I do not know how to communicate how this feels, not even to myself. I only know how it does feel. I know that when I start to think "Will this ever get better?" I can look back at how I felt when the losses occurred and know that it does not feel that same way anymore, though it is difficult for me to label the difference as "better." It is not as intense, not as overwhelming, not as painful, not as likely to lead me to disassociate from my feelings, more manageable. So I guess most people would say that it is better, but just because something is brighter than black does not necessarily mean it is light.

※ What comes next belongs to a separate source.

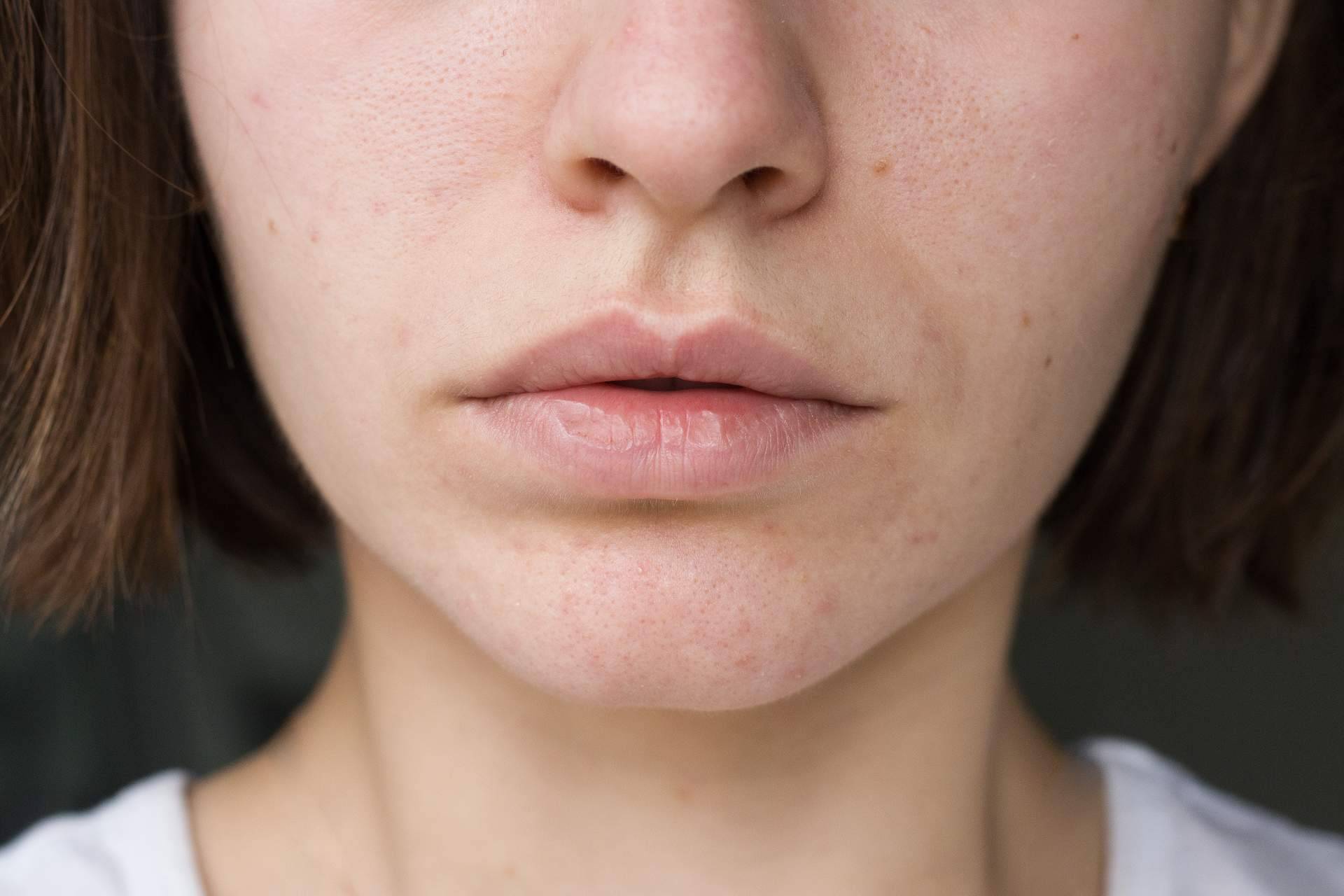 Tratar y prevenir las manchas en la piel en verano, por Farmacia Laura Garín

I thought that I would heal, that all these breaks were clean. A painful reset, a good bit of time in a cast, but then I'd be almost as good as new, except for some pain when a storm rolled through. And with my grandparents, I am. I miss them, but it feels... like it was what should be. I thought by now that I would be more at peace with more with my uncle's death, that I would be more healed. "People love that cliche: time heals all wounds. But live long enough and you realize that most cliches are true. It's amazing what even the smallest passages of time can accomplish, the cuts it can close, the imperfections it can smooth over. But in the end, it comes down to the size of the wound, doesn't it? If the wound is deep enough, there might be no way to keep it from festering, even if you have all the time in the world." I no longer feel like I walk through life an open wound, raw nerves constantly exposed, but I don't think that the pieces will ever fit back together or that the wound will ever truly heal.
And it is hard when you feel like the people around you just wish you would get over it already. Don't get me wrong, I know that some of them wish that I was "over it" because they don't want me to be in pain, though I'm sure some of them feel that they are "over it" and I should be too, while still others are just tired of hearing about it. How do you tell them that you'll never be "over it" without them taking that to mean that you'll always be the same brand of basketcase that you were at the funeral or are at memorials and death-anniversaries? And how do you tell them that everyday you are more accepting of, even alright with, the fact that you'll never be "over it," that you'll never be who you were, that there will always be something missing because the person who is gone is missing? "Who can say if I have been changed for the better? But because I knew you, I have been changed for good."
I think that I should be sad, that this should be painful. Pain and sadness are natural responses to hurt and loss. I think that feeling those emotions tells us how much we hurt, that what we lost meant something to us. I don't think that anyone should go through life pain and sadness free. Now, suffering is the thing we're supposed to be working to reduce. I'm not sure that the people who know me think I'm doing the best job at that either, but, meh, it's a work in progress. The point is that I don't feel like it shouldn't be painful to be without those I love, that I shouldn't be a bit sad when I remember them. Like when I see a Mazda 626.